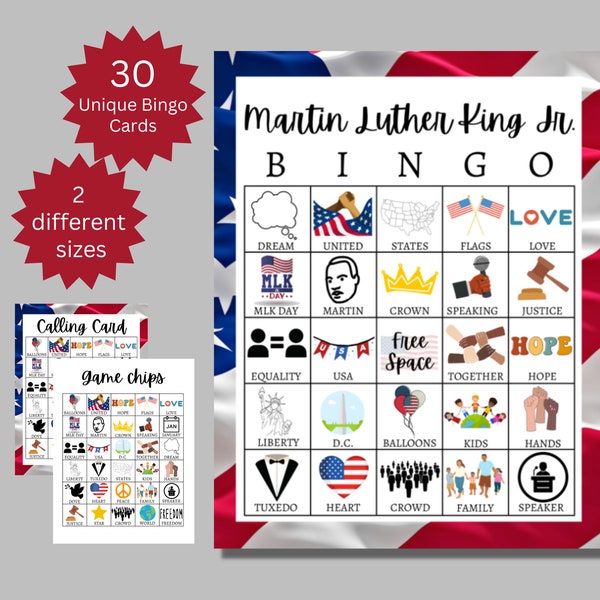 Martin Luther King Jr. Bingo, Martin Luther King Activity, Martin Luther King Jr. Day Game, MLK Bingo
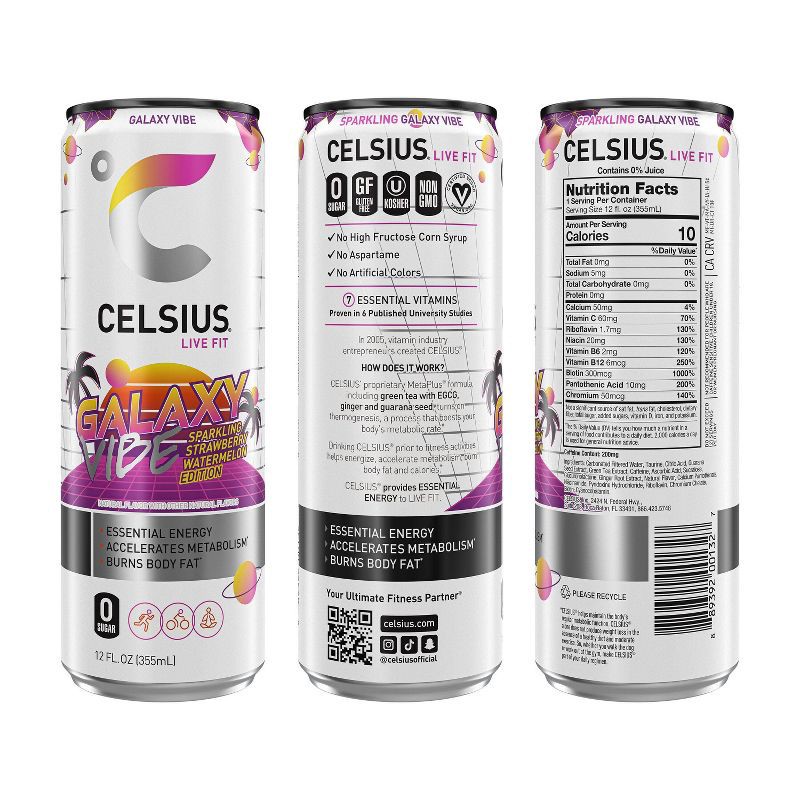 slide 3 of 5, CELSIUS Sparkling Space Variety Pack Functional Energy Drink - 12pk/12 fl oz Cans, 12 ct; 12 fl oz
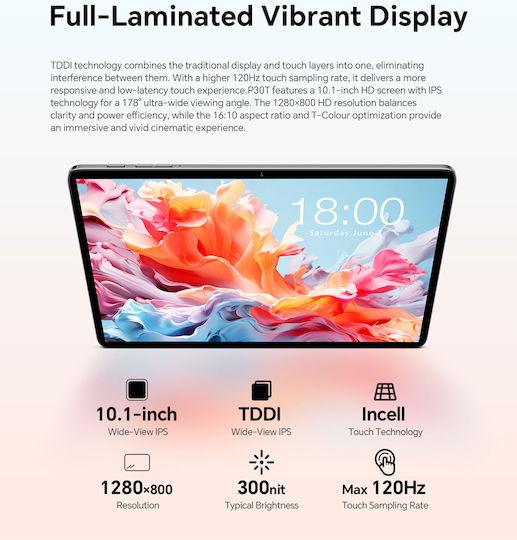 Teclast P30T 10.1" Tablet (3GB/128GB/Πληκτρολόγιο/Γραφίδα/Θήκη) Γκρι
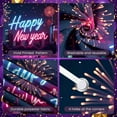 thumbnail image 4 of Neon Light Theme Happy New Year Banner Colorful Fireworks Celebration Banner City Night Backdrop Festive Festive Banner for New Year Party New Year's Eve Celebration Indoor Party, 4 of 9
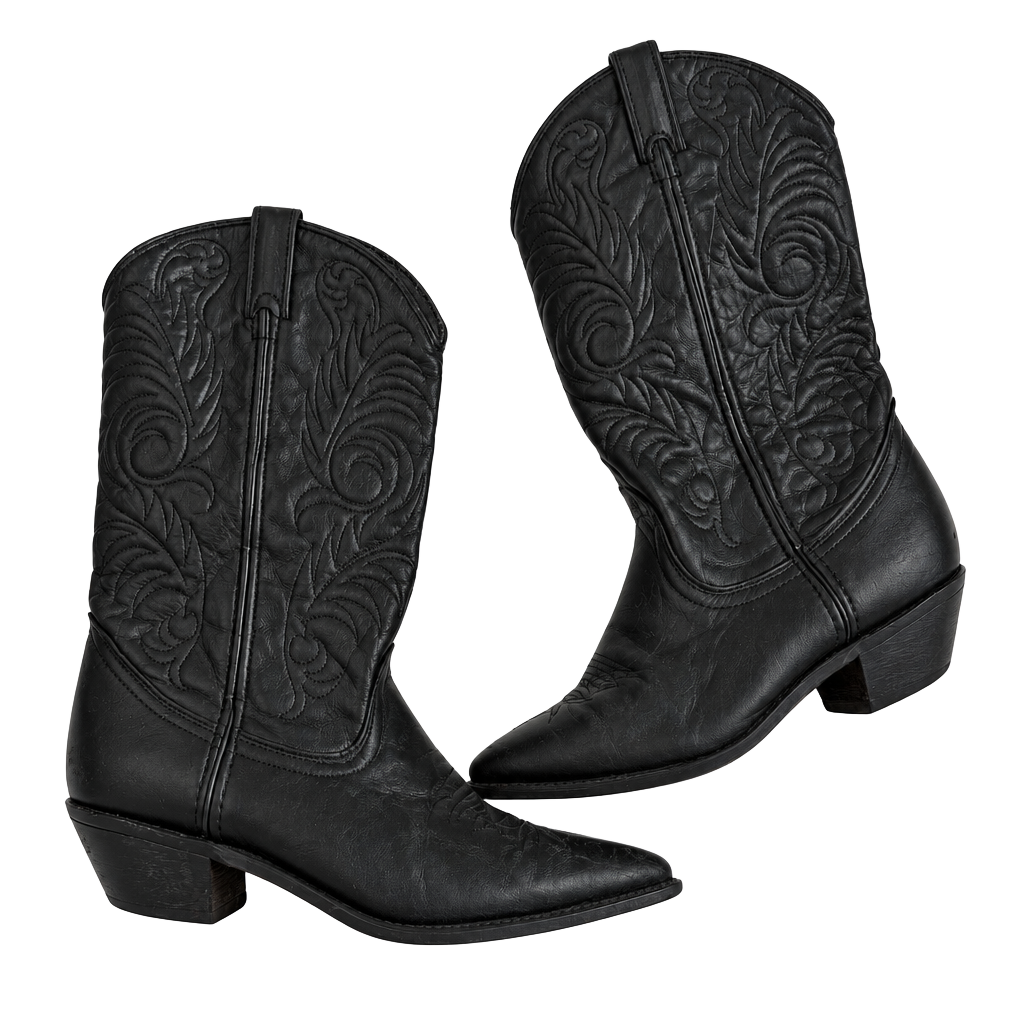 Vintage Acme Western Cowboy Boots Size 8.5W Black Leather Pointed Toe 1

※ ※ ※

## [PROBLEM TO SOLVE]
Everything in the listing should be repeated exactly except the pictures.

## [RESPONSE TO THIS TASK]
 Martin Luther King Jr. Bingo, Martin Luther King Activity, Martin Luther King Jr. Day Game, MLK Bingo
 slide 3 of 5, CELSIUS Sparkling Space Variety Pack Functional Energy Drink - 12pk/12 fl oz Cans, 12 ct; 12 fl oz
 Teclast P30T 10.1" Tablet (3GB/128GB/Πληκτρολόγιο/Γραφίδα/Θήκη) Γκρι
 thumbnail image 4 of Neon Light Theme Happy New Year Banner Colorful Fireworks Celebration Banner City Night Backdrop Festive Festive Banner for New Year Party New Year's Eve Celebration Indoor Party, 4 of 9
 Vintage Acme Western Cowboy Boots Size 8.5W Black Leather Pointed Toe 1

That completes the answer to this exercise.